SMOKE [20] proposes a similar idea, which directly predicts 2D and 3D information from the image through a structure similar to CenterNet. The 2D information includes the projection location of the object keypoints (center point and corner points) onto the image, and the 3D information includes the depth, size, and orientation of the center point. The 3D position of each corner point can be recovered through the 3D size and orientation, and the 3D position of the object can be reconstructed through the image position and the depth of the center point.The idea behind these several single-stage networks is to directly regress 3D information from images without complicated pre-processing (such as image inverse transformation) and post-processing (such as 3D model matching) or accurate geometric constraints (such as 3D object box corners on each edge of 2D object box). These methods only use a small amount of prior knowledge, such as the mean size of various objects in reality, and the corresponding relationship between 2D object size and depth. These prior knowledge defines the initial value of object 3D parameters, and the neural network only needs to regress the deviation from the actual value, which greatly reduces the search space and thus reduces the difficulty of network learning.
Depth estimation
The previous section introduced the representative methods of monocular 3D object detection, from early image transformation, 3D model matching, and 2D/3D geometric constraints to recent direct prediction of 3D information through images. The change in this idea is largely due to the progress of convolutional neural networks in depth estimation. Most of the single-stage 3D object detection networks introduced earlier include a depth estimation branch. Although the depth estimation here is only at the sparse object level, not the dense pixel level, it is already sufficient for object detection.

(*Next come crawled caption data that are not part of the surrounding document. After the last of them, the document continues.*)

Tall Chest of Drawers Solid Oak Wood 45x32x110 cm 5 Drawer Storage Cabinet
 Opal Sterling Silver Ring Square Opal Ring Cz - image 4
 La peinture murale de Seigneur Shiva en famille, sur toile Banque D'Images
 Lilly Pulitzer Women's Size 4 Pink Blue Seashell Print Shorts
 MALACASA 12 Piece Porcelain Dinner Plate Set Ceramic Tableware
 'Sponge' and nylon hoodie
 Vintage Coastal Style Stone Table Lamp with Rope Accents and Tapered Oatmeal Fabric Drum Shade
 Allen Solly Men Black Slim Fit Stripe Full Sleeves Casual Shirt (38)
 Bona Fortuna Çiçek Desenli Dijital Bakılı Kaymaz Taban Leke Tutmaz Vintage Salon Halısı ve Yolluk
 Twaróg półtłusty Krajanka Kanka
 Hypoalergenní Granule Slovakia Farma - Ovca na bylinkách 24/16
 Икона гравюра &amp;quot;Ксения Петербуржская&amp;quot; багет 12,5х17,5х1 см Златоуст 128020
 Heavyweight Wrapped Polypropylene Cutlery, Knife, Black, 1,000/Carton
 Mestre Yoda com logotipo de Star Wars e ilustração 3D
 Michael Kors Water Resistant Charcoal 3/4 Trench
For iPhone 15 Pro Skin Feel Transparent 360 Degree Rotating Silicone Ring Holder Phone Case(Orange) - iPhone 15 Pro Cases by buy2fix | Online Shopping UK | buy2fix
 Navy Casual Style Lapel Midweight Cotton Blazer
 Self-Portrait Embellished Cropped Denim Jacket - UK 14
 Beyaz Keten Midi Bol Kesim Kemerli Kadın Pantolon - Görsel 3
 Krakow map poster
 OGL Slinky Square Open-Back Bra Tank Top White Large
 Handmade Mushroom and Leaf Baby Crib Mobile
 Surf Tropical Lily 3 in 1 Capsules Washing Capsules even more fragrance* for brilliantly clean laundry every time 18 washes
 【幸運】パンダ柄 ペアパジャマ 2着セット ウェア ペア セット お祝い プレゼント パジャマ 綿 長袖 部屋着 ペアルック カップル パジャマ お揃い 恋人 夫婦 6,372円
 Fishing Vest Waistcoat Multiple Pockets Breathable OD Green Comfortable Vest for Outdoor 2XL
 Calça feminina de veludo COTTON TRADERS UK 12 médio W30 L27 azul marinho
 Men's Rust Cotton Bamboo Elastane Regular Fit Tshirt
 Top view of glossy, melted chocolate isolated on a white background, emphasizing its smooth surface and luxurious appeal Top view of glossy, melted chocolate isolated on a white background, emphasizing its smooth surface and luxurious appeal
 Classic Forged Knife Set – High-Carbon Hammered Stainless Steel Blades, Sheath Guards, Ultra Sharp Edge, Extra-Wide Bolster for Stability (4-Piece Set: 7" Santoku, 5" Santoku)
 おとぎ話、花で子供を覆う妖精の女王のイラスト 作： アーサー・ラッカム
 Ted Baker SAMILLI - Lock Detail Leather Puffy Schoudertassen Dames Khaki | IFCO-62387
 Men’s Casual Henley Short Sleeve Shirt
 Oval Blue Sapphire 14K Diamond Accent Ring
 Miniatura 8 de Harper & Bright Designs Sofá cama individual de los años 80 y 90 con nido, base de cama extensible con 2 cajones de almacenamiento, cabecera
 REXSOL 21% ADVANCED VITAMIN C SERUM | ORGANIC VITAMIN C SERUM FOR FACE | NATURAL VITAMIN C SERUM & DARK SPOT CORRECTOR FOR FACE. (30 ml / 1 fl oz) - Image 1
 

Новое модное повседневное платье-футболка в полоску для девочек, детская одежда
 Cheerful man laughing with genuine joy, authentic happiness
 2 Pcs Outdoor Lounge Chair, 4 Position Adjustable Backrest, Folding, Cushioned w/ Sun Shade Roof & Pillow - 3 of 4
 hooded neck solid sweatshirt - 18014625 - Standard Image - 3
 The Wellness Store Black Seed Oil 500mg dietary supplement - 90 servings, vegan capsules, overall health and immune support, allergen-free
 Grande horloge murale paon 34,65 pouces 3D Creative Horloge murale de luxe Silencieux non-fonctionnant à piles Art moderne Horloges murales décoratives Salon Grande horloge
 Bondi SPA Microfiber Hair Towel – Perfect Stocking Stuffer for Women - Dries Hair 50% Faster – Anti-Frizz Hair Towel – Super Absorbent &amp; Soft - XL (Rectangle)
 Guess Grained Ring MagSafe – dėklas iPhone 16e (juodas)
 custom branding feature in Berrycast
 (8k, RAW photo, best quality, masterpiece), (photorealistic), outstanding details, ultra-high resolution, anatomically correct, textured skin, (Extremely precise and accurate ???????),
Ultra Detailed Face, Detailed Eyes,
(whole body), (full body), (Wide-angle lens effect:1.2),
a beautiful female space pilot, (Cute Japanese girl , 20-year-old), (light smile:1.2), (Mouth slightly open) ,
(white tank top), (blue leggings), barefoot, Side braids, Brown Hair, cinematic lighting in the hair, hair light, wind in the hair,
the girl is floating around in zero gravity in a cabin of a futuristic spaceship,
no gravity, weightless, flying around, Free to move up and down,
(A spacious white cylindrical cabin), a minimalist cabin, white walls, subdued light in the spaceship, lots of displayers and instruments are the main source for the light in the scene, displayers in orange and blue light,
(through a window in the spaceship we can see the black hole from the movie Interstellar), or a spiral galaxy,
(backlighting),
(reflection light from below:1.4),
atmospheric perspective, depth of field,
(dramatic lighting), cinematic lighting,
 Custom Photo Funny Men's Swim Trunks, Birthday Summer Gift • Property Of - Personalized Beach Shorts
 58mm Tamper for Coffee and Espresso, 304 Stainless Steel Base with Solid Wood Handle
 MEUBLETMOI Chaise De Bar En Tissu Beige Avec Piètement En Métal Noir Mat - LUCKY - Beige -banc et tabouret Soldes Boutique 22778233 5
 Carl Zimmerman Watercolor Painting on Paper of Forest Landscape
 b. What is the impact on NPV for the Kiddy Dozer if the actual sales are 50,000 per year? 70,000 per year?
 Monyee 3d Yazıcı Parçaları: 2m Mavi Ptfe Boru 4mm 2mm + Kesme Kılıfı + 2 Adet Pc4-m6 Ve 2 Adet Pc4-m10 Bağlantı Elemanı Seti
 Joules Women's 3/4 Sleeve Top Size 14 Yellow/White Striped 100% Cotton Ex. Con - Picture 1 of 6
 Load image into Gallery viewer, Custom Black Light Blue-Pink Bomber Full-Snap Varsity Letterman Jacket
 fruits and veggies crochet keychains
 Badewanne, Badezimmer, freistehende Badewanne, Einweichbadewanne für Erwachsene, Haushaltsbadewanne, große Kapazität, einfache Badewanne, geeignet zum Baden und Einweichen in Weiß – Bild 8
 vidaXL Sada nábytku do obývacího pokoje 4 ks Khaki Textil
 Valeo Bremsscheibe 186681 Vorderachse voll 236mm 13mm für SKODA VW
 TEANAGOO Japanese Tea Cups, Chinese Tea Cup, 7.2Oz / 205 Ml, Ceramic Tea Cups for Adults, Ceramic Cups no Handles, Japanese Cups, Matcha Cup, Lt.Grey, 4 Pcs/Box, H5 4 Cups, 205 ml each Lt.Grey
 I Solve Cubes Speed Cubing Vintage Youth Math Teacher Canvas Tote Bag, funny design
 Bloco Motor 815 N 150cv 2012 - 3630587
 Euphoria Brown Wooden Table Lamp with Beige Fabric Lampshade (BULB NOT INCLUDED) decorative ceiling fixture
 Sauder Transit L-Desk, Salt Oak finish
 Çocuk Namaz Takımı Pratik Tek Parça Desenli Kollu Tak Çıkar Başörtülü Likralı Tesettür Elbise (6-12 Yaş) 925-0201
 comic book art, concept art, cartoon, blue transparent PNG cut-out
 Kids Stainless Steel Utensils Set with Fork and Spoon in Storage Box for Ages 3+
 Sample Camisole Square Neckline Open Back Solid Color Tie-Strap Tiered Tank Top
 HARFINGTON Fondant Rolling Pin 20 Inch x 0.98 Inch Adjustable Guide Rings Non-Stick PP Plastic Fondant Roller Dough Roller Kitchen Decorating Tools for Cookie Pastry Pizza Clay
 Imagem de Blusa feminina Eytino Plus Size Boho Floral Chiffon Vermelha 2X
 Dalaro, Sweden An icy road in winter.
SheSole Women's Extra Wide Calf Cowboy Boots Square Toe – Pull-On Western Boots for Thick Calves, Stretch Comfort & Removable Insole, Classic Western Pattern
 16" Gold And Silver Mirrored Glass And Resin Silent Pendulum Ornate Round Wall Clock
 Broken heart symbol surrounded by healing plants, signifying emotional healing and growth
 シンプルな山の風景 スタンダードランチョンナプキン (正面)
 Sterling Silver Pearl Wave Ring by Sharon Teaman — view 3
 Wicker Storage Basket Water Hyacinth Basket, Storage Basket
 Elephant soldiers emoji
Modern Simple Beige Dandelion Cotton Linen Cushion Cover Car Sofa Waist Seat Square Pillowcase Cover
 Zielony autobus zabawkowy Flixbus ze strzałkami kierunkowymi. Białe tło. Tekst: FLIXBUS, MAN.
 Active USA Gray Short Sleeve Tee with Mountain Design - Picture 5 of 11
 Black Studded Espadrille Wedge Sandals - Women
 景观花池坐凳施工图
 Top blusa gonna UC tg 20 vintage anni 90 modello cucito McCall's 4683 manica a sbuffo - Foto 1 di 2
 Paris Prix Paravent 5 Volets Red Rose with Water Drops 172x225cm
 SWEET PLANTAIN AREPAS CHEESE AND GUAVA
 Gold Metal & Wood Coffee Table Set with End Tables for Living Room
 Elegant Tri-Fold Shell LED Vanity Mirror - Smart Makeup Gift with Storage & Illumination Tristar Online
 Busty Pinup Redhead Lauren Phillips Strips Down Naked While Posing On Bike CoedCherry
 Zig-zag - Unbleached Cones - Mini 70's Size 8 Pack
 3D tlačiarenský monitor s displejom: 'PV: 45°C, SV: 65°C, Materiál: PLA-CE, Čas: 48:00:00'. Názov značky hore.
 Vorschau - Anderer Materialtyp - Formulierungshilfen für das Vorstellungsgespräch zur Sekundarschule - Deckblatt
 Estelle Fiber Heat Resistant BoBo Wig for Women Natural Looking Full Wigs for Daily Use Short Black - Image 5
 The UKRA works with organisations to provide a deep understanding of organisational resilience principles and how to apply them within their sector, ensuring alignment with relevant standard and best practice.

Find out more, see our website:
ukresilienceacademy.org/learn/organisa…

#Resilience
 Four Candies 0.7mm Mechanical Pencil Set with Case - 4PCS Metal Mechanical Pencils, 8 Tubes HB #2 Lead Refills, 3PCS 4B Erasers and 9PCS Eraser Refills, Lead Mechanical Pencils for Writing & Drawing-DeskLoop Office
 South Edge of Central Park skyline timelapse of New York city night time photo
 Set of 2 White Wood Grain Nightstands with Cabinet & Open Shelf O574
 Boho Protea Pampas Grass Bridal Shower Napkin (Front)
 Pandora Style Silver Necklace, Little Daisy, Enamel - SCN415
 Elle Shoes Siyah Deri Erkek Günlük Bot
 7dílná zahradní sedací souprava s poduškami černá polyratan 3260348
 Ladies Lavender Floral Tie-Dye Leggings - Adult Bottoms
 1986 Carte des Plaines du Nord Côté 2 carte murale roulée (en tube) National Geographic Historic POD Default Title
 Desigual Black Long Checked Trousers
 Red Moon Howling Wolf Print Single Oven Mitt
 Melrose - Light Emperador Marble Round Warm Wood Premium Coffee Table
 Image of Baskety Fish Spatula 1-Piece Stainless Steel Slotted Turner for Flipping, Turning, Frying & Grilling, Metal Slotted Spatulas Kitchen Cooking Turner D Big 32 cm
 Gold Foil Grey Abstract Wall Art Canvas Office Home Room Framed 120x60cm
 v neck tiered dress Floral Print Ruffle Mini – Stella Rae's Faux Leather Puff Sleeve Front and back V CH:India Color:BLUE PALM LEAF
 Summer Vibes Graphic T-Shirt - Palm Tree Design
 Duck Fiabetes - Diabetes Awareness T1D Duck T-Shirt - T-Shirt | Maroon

In addition to object detection, there is another important task in automated driving perception, which is semantic segmentation. The most direct way to extend semantic segmentation from 2D to 3D is to use dense depth maps, so that the semantics and depth information of each pixel are available.
Combining the above two points, monocular depth estimation plays a very important role in 3D perception tasks. From the introduction of 3D object detection methods in the previous section, it can be inferred that fully convolutional neural networks can also be used for dense depth estimation. Next, we will introduce the current development of this direction.
The input of monocular depth estimation is an image, and the output is also an image (generally the same size as the input), where each pixel value corresponds to the scene depth of the input image. This task is somewhat similar to image semantic segmentation, except that semantic segmentation outputs the semantic classification of each pixel. Of course, the input can also be a video sequence, utilizing additional information from camera or object motion to improve the accuracy of depth estimation (corresponding to video semantic segmentation).As mentioned earlier, predicting 3D information from 2D images is an ill-posed problem, so traditional methods use geometric and motion cues, combined with handcrafted features, to predict pixel depth. Similar to semantic segmentation, superpixels and conditional random fields (CRFs) are also often used to improve the accuracy of estimation. In recent years, deep neural networks have made breakthrough progress in various image perception tasks, and depth estimation is no exception. A large amount of work has shown that deep neural networks can learn superior features than handcrafted designs through training data. This section mainly introduces supervised learning-based methods. Other unsupervised learning approaches, such as utilizing binocular disparity information, dual-pixel differences from a single image, video motion information, etc., will be discussed later.
One early representative work in this direction is the method proposed by Eigen et al. [21], which is based on the fusion of global and local cues. The ambiguity of monocular depth estimation mainly comes from the global scale. For example, a real room and a toy room may look similar in the image, but the actual depth of field difference is significant. Although this is an extreme example, there are still size differences in rooms and furniture in real datasets. Therefore, this method proposes to perform multi-layer convolution and downsampling on the image to obtain descriptive features of the entire scene to predict global depth. Then, another local branch (relatively higher resolution) is used to predict the local depth of the image. Here, the global depth is used as an input to assist the prediction of local depth for the local branch.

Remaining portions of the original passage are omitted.